A numerical calculation here may be useful. Supposing the break set to a given difference of tension, Q-P, and that in consequence of any cause the coefficient of friction increases 20 per cent., the difference of tensions for an ordinary value of the coefficient of friction would increase from 1.5 P to 2 P in Fig. 2, and from 1.5 P to 1.67 P in Fig. 3. That is, the vibration of the spring, and the possible error of measurement of the difference of tension would be much greater in Fig. 2 than in Fig. 3. It has recently occurred to the author that a further change in the dynamometer would make the friction on the pulley still more independent of changes in the coefficient of friction, and consequently the measurement of the work absorbed still more accurate. Suppose the cord taken twice over a pulley fixed on the shaft driven by the motor and round a fixed pulley, C.

For clearness, the pulleys, A B, are shown of different sizes, but they are more conveniently of the same size. Further, let the spring balance be at the free end of the cord toward which the pulley runs. Then it will be found that a variation of 20 per cent. in the friction produces a somewhat greater variation of P than in Fig. 3. But P is now so much smaller than before that Q-P is much less affected by any error in the estimate of P. An alteration of 20 per cent. in the friction will only alter the quantity Q-P from 5.25 P to 5.55 P, or an alteration of less than 6 per cent.

FIG. 4

To put it in another way, the errors in the use of dynamometer are due to the vibration of the spring which measures P, and are caused by variations of the coefficient of friction of the dynamometer. By making P very much smaller than in the usual form of the dynamometer, any errors in determining it have much less influence on the measurement of the work absorbed. We may go further. The cord may be taken over four pulleys; in that case a variation of 20 per cent. in the frictional coefficient only alters the total friction on the pulleys 1¼ percent.
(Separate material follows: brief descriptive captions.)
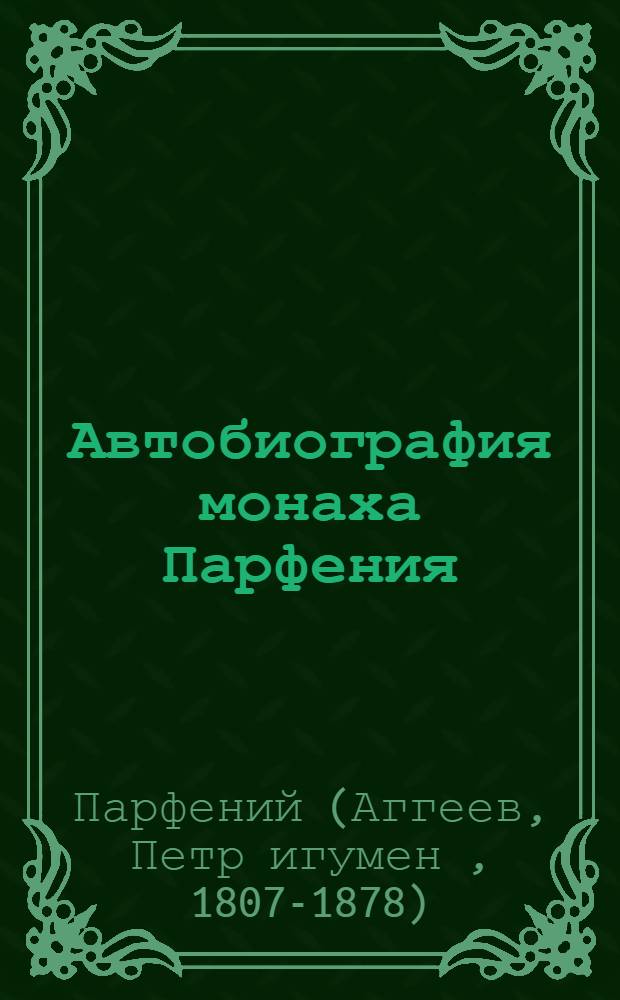 Автобиография монаха Парфения (бывшего в Молдавии раскольника, затем постриженика русского Пантелеимонова монастыря на Афоне)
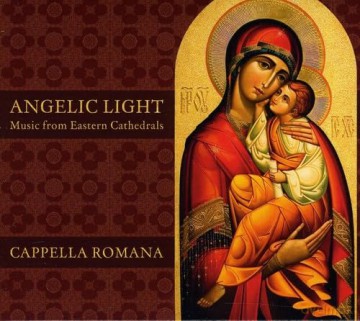 Cappella Romana: Angelic Light: Music From Eastern Cathedrals [CD]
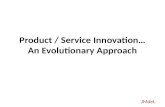 Product / Service Innovation… An Evolutionary Approach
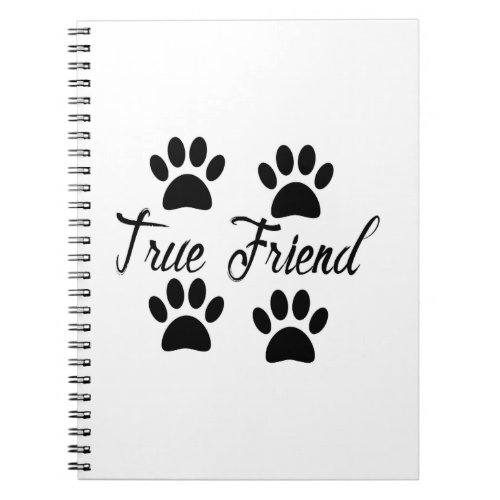 Dog Paw Print True Friends Text Notebook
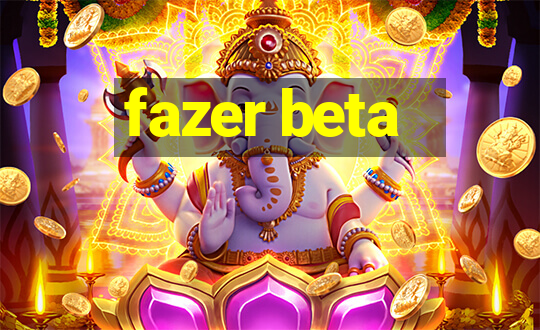 fazer beta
P is now so insignificant compared with Q that an error in determining it is of comparatively little consequence.

FIG. 5

The dynamometer is now more powerful in absorbing work than in the form Fig. 3. As to the practical construction of the brake, the author thinks that simple wires for the flexible bands, lying in V grooves in the pulleys, of no great acuteness, would give the greatest resistance with the least variation of the coefficient of friction; the heat developed being in that case neutralized by a jet of water on the pulley. It would be quite possible with a pulley of say 3 feet diameter, and running at 50 feet of surface velocity per second, to have a sufficiently flexible wire, capable of carrying 100 lb. as the greater load, Q. Now with these proportions a brake of the form in Fig. 3 would, with a probable value of the coefficient of friction, absorb 6 horse power. With a brake in the form Fig. 4, 8.2 horse power would be absorbed; and with a brake in the form Fig. 5, 8.8 horse power would be absorbed. But since it would be easy to have two, three, or more wires side by side, each carrying its load of 100 lb., large amounts of horsepower could be conveniently absorbed and measured.